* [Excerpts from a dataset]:

══════

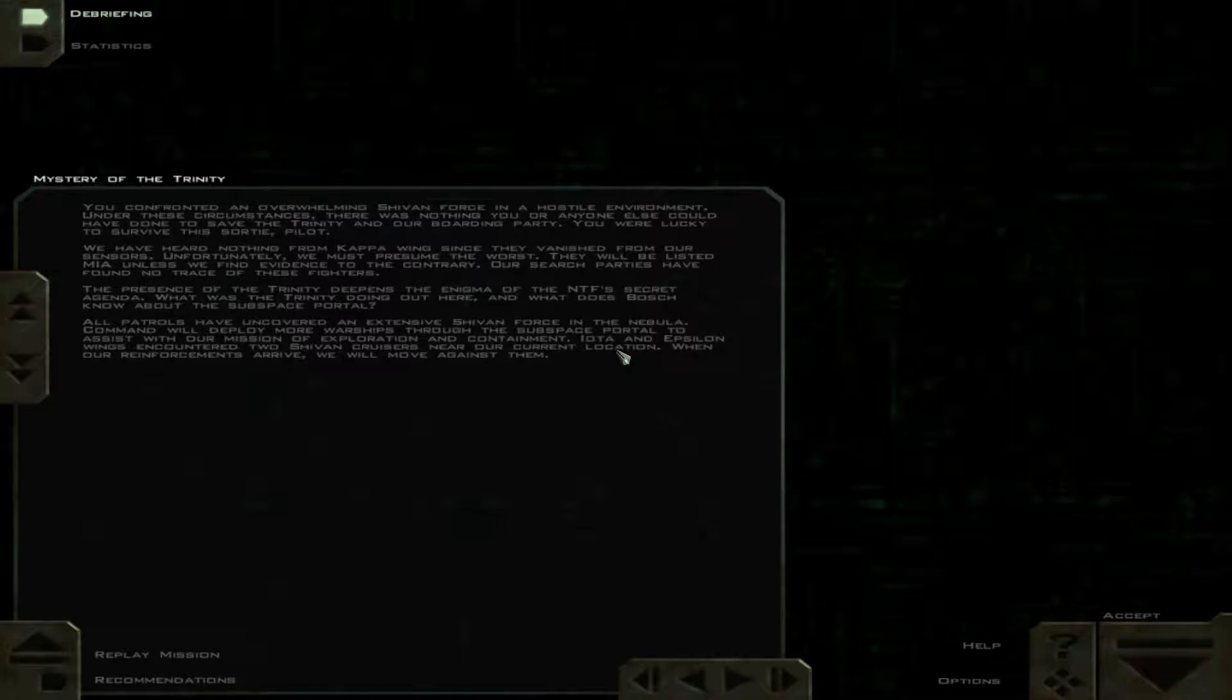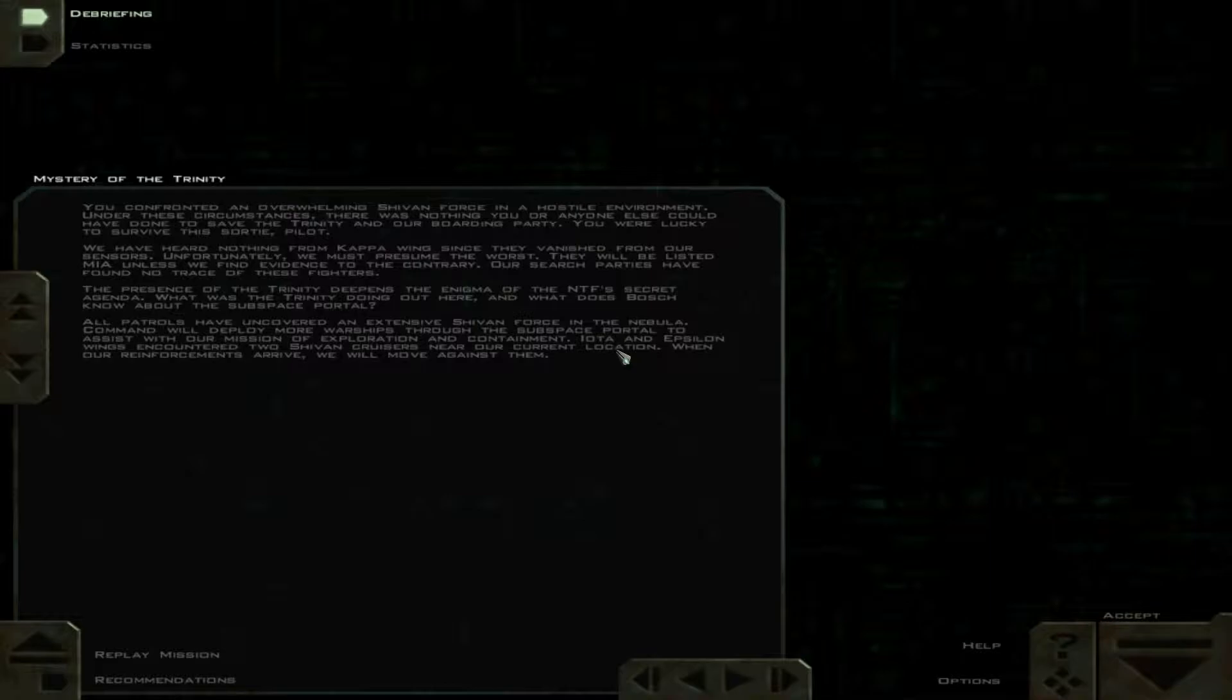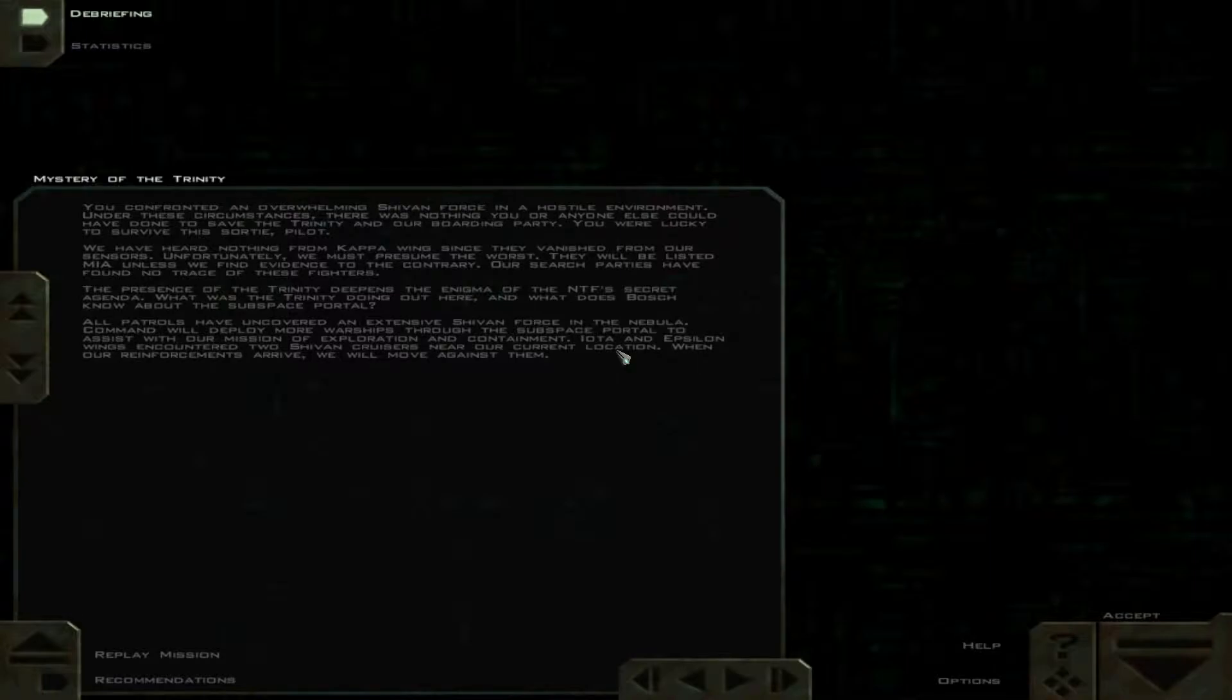Our search parties have found no trace of these fighters. The presence of the Trinity deepens the enigma of the NTF's secret agenda. What was the Trinity doing out here? And what does Bosch know about the subspace portal?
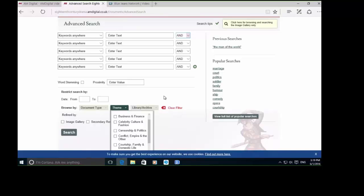I'm going to head back to the documents page. We can see the full documents list here. You can filter this just by document type, by key themes, and also by the source of the material. I'm going to refine by document type — I'm going to refine by play, apply that filter, and then look at theme. I'm going to look at celebrity culture and fashion, just to show some of those themes.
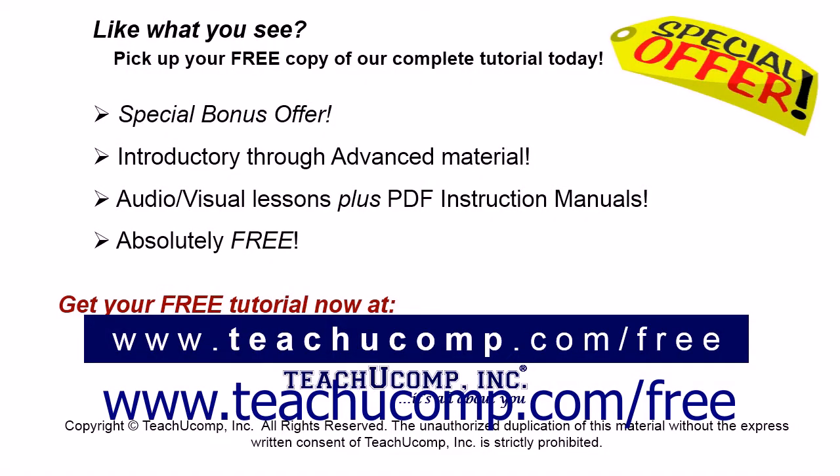Like what you see? Pick up your free copy of the complete tutorial at www.teachyoucomp.com forward slash free.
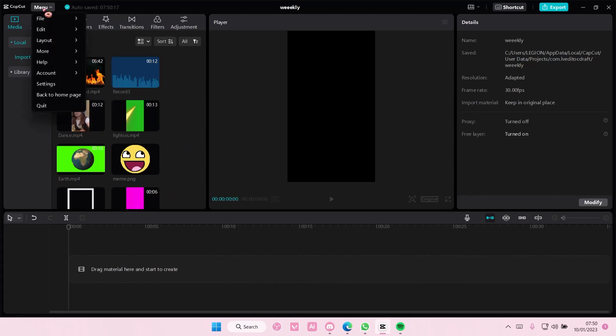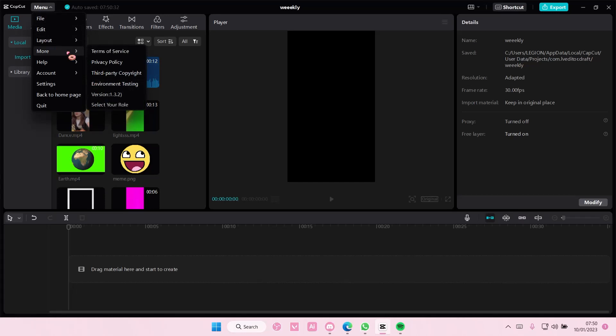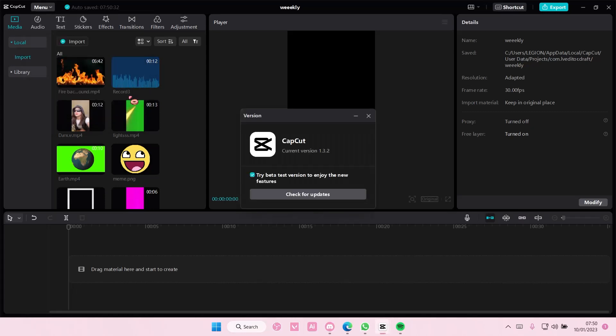Go to menu and go to more and select the version you're on. I'm on version 1.3.2, so select it and make sure you have this selected: try beta test version to enjoy the new features.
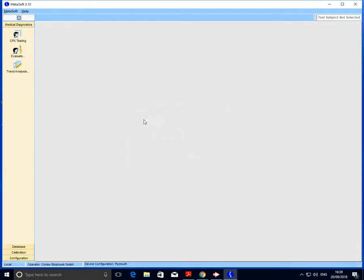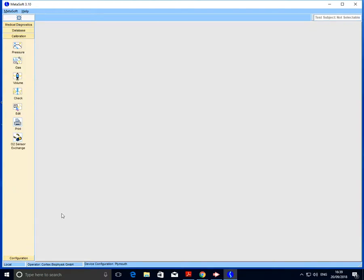Once we're in the software, we're presented with a number of options down the left hand side. Initially what we want to do is head to the calibration tab. The calibration procedure is threefold: we have pressure, gas, and volume. I'm going to go ahead and calibrate the pressure first.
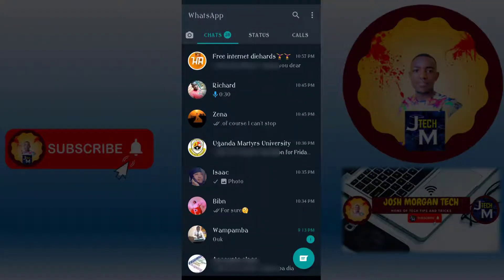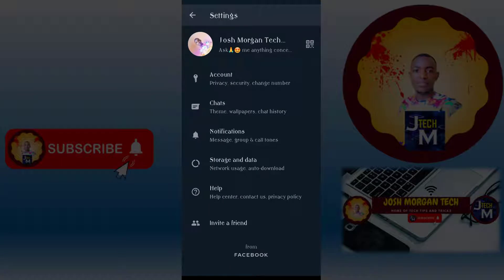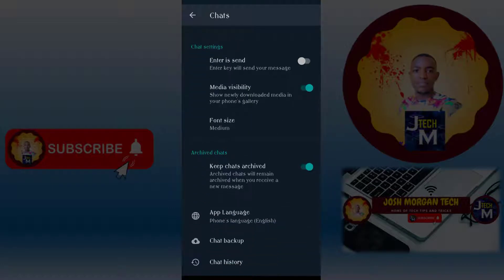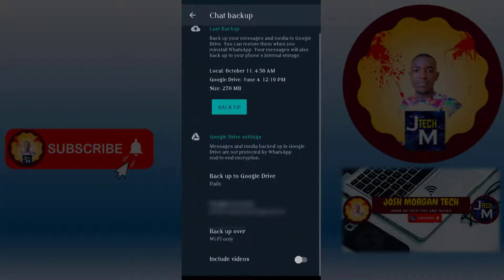After you find it, move to your settings — tap the three-dot menu button and go to Settings. Then go to Chats and scroll down to Chat Backup. You will see an interface like this one.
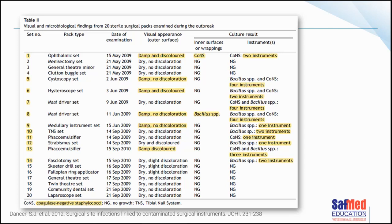Set number five was damp but with no discolouration — positive. Set number six was damp and discoloured — positive. Set number seven was dry with no discolouration, yet there were still microorganisms on the instruments. So in some instances, the sets were dry and not discoloured, yet they were still positive for microorganisms.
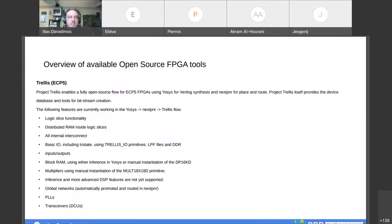Project Trellis focuses on the ECP5 FPGAs and is a fully open source project. There is some overlap on the tools used in this toolchain, as nextpnr and Yosys are also used to go from the hardware description language to the bitstream. Project Trellis supports most of the functionality on the ECP5: basic I/O, interconnects, block RAM, PLLs, and transceivers.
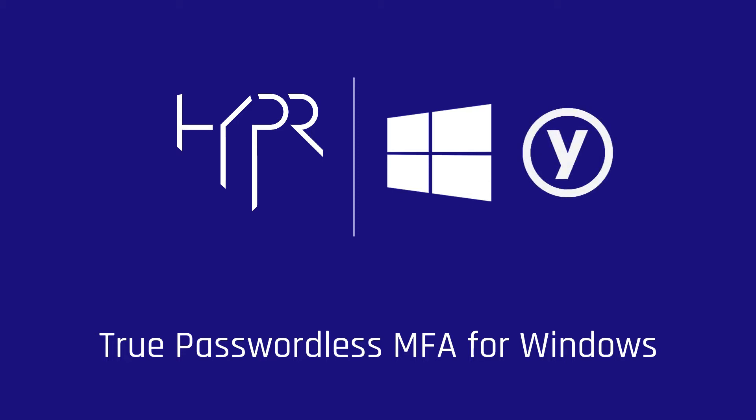Once registered, we will show you the simplicity of the end-user experience of logging into a Windows workstation with a security key and PIN for true passwordless multi-factor authentication.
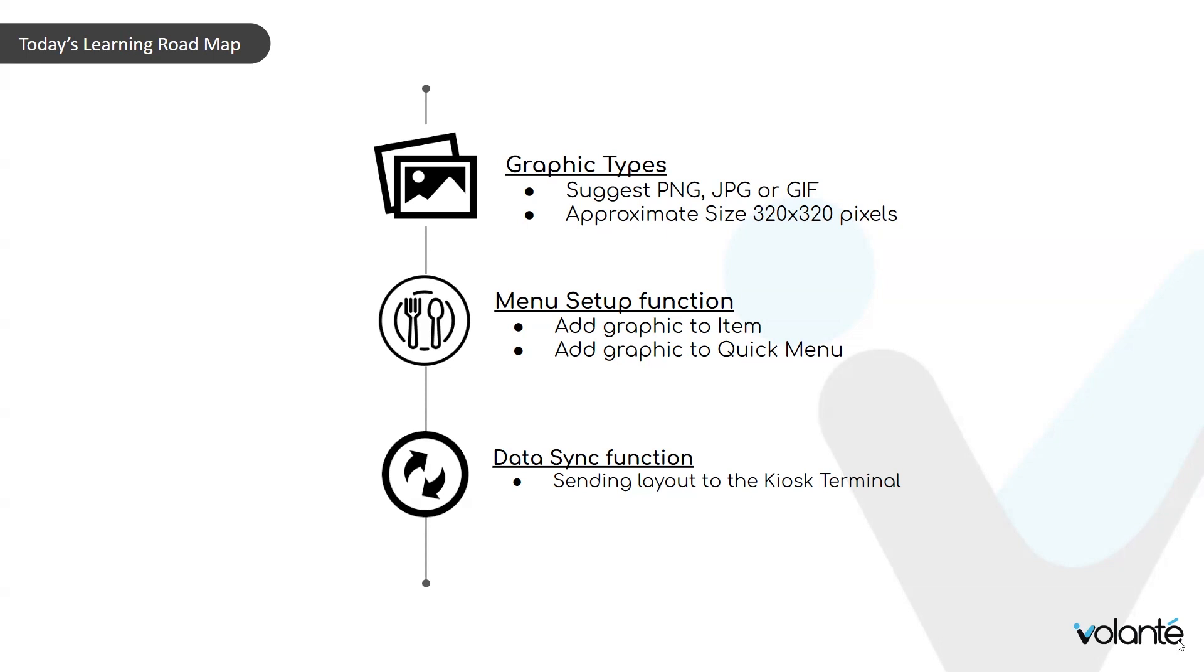Finally, we'll always remember to data sync our items to the terminal once we've saved our new graphics. This will send the information down to the terminal immediately and have those new pictures available to our customers.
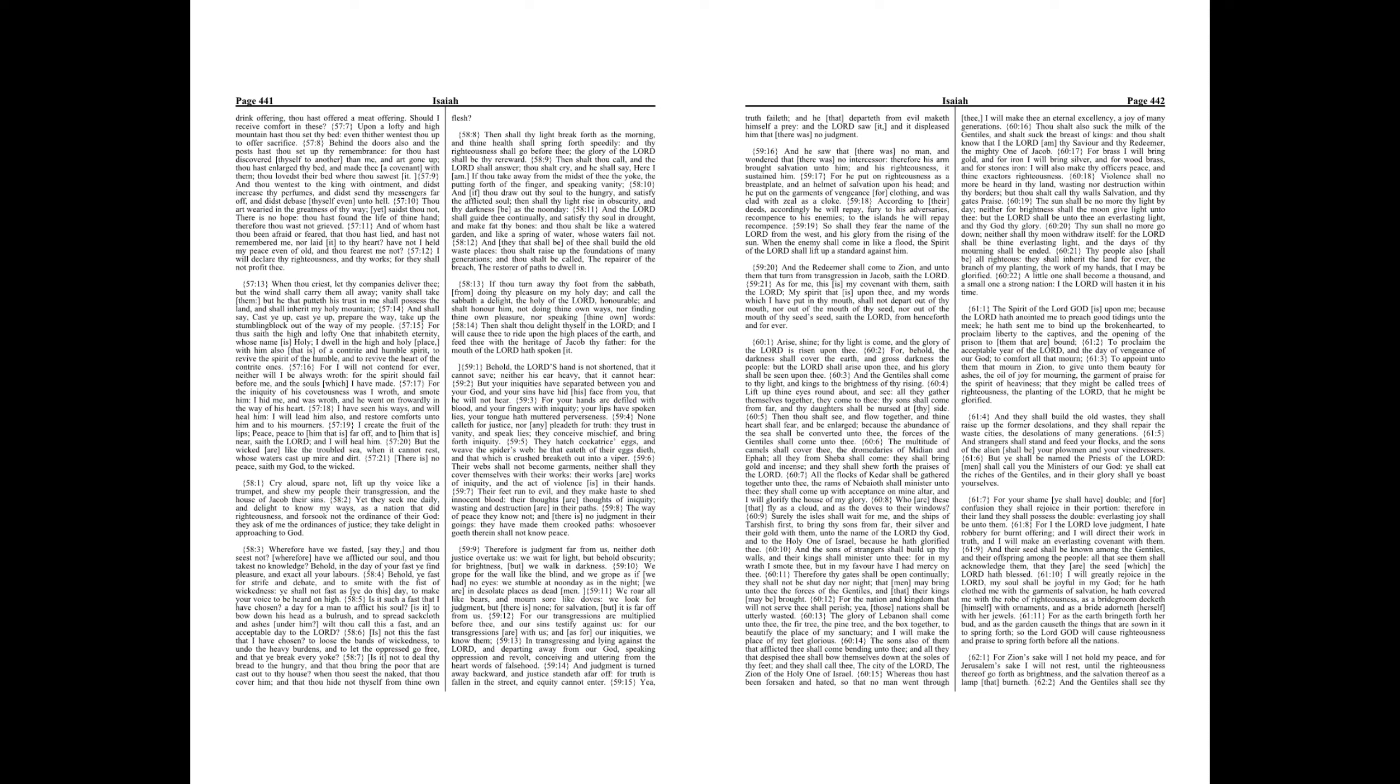For as the earth bringeth forth her bud, and as the garden causeth the things that are sown in it to spring forth, so the Lord God will cause righteousness and praise to spring forth before all the nations.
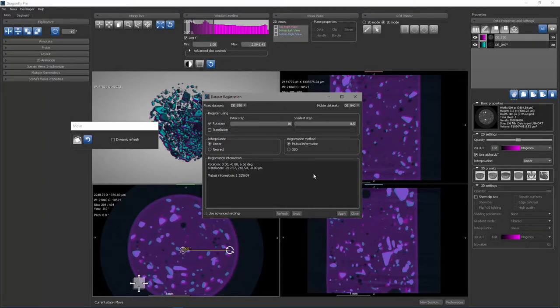So that concludes this discussion of both the move tool and the dataset registration for 3D data registration. Thank you.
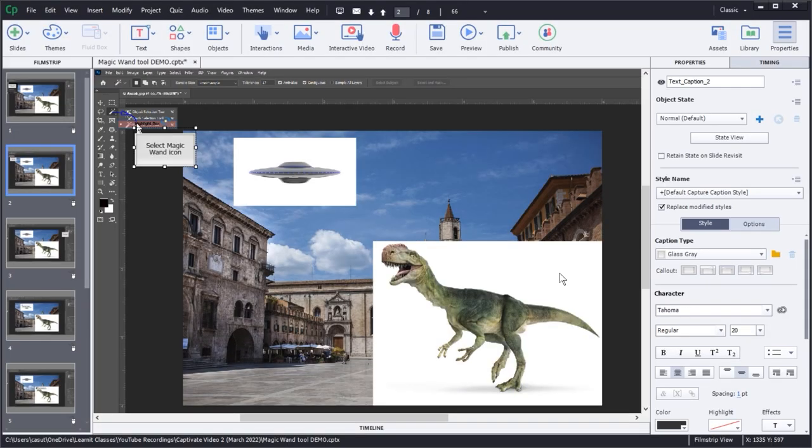Welcome back, everybody. We are going to start off this session two of our Captivate series talking about styles. Let's first define what a style is — a style is basically just a saved format. Why do we want to save a format? We want to be able to use that format over and over again so we can have efficiency and consistency.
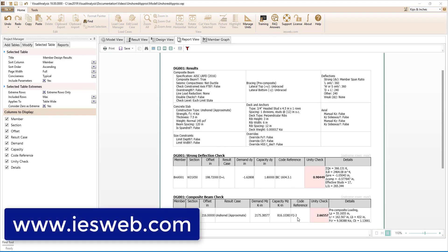In just a few minutes, we have used Visual Analysis to design a composite beam that was unshored during construction. Using the unshored approximate construction type, Visual Analysis was able to check the precomposite strength and deflection demand for the simply supported beam with the uniform construction dead load. Check out the other training videos to learn how to design beams that are shored during construction or for an overview of composite beam design in Visual Analysis. Thanks for watching and have a great day!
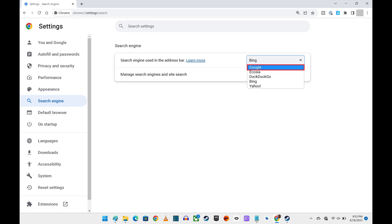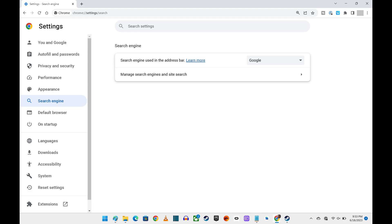Step 4: Click Google. Going forward, Google will be set as your default search engine in Google Chrome.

══════

* [PROBLEM DETAILS]: Leaving the pictures aside, copy exactly and only the lines from the one holding "So that concludes" through the final line of the data, both ends kept.

* [WRITTEN RESPONSE]:
So that concludes this discussion of both the move tool and the dataset registration for 3D data registration. Thank you.
Welcome back, everybody. We are going to start off this session two of our Captivate series talking about styles. Let's first define what a style is — a style is basically just a saved format. Why do we want to save a format? We want to be able to use that format over and over again so we can have efficiency and consistency.
In just a few minutes, we have used Visual Analysis to design a composite beam that was unshored during construction. Using the unshored approximate construction type, Visual Analysis was able to check the precomposite strength and deflection demand for the simply supported beam with the uniform construction dead load. Check out the other training videos to learn how to design beams that are shored during construction or for an overview of composite beam design in Visual Analysis. Thanks for watching and have a great day!
Step 4: Click Google. Going forward, Google will be set as your default search engine in Google Chrome.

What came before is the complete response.